Durante o reinado de D. Pedro II, e álem do facto capital da guerra do Paraguay, muitos acontecimentos politicos se deram na capital do imperio, que seria longo e fastidioso enumerar, e augmentariam demasiadamente este capitulo.
Não podemos, todavia, deixar de mencionar o 13 de Maio de 1888 e o 15 de Novembro de 1889, datas, respectivamente, da abolição da escravidão em todo o territorio nacional e da proclamação da Republica dos Estados Unidos do Brasil.
O aureo e glorioso decreto de 13 de Maio, foi assignado por D. Izabel, regente do imperio, ex-princeza imperial e ainda hoje condessa d’Eu, na ausencia de seu pae, o imperador D. Pedro II, que viajava pela Europa. Não obstante os protestos dos conservadores, interessados e tradicionalistas, tal acontecimento foi motivo de grande regosijo para a população fluminense, e teve por immediata consequencia a mudança de instituições politicas, em 15 de novembro do anno seguinte, pelo exercito e pela armada, com o tacito consentimento do povo brasileiro, em geral, e muito especialmente dos habitantes do Rio de Janeiro.

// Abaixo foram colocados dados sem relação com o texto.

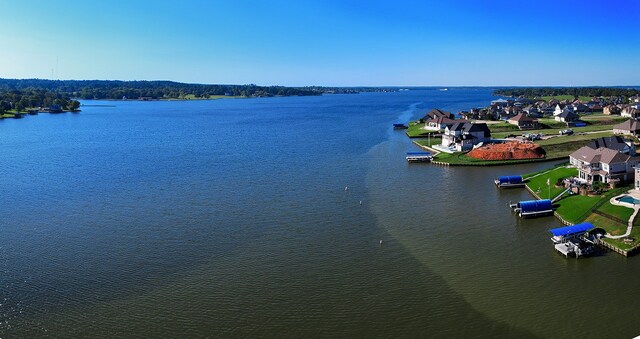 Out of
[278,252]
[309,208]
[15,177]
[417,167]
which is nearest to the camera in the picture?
[278,252]

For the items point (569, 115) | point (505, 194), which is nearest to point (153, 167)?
point (505, 194)

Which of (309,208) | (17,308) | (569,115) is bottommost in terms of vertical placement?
(17,308)

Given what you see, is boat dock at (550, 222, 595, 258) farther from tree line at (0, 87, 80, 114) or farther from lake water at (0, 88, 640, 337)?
tree line at (0, 87, 80, 114)

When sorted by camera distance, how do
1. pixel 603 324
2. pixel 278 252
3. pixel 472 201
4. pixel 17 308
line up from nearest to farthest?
pixel 603 324, pixel 17 308, pixel 278 252, pixel 472 201

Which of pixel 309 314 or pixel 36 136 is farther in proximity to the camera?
pixel 36 136

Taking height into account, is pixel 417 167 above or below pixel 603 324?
above

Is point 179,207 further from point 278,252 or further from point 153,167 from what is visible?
point 153,167

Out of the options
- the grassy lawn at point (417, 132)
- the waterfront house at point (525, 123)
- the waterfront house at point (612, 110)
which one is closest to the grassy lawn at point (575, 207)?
the grassy lawn at point (417, 132) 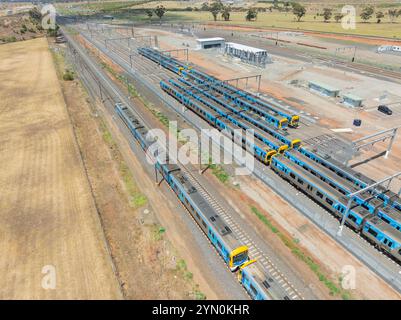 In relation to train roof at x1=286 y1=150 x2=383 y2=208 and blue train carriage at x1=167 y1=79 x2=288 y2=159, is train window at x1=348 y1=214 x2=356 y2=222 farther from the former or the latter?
blue train carriage at x1=167 y1=79 x2=288 y2=159

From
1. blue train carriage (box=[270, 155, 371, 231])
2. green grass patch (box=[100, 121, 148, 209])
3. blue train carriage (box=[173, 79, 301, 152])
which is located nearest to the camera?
blue train carriage (box=[270, 155, 371, 231])

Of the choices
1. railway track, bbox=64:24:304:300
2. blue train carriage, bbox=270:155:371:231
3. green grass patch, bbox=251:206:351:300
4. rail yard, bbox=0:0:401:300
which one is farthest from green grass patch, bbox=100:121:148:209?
blue train carriage, bbox=270:155:371:231

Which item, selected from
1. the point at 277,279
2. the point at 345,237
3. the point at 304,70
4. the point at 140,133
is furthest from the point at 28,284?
the point at 304,70

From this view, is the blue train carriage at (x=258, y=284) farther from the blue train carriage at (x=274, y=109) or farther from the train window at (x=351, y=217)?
the blue train carriage at (x=274, y=109)

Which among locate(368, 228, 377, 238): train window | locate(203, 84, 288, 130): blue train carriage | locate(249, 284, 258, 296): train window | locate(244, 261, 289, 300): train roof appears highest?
locate(203, 84, 288, 130): blue train carriage

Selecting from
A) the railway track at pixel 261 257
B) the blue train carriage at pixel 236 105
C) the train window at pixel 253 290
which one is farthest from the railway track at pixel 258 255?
the blue train carriage at pixel 236 105

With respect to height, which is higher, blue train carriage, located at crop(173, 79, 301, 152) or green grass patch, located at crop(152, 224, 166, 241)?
blue train carriage, located at crop(173, 79, 301, 152)

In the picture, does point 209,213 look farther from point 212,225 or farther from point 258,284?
point 258,284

Na presidencia do marechal Floriano José Vieira Peixoto, 2.º presidente da Republica e successor do marechal Manoel Deodoro da Fonseca, teve logar, na bahia de Guanabara, de 1892 a 1894, a revolta da armada, sob o commando do contra-almirante Custodio José de Mello. No espaço de muitos mezes, a cidade do Rio de Janeiro foi bombardeada e muito damnificada, se bem que com a hostilidade da esquadra mais soffresse a sua visinha fronteira, a cidade de Nictheroy, capital do Estado do Rio de Janeiro.
No Arsenal de Marinha, um soldado de infantaria tentou assassinar o dr. Prudente José de Moraes Barros, presidente da Republica, de 1894 a 1898, conseguindo trespassar, com a bayoneta, o marechal Machado Bettencourt, ministro da guerra, que se interpuzéra. Desde então, a paz não tem sido perturbada, na capital da Republica, que Municipio Neutro, por decreto de 1884, e Districto Federal, pela Constituição de 24 de Fevereiro de 1891, conta hoje uma população superior a 900 mil habitantes e, concluidos os melhoramentos que a transformam, por completo, será, indiscutivelmente, a primeira cidade da America do Sul e uma das mais bellas e importantes metropoles do mundo.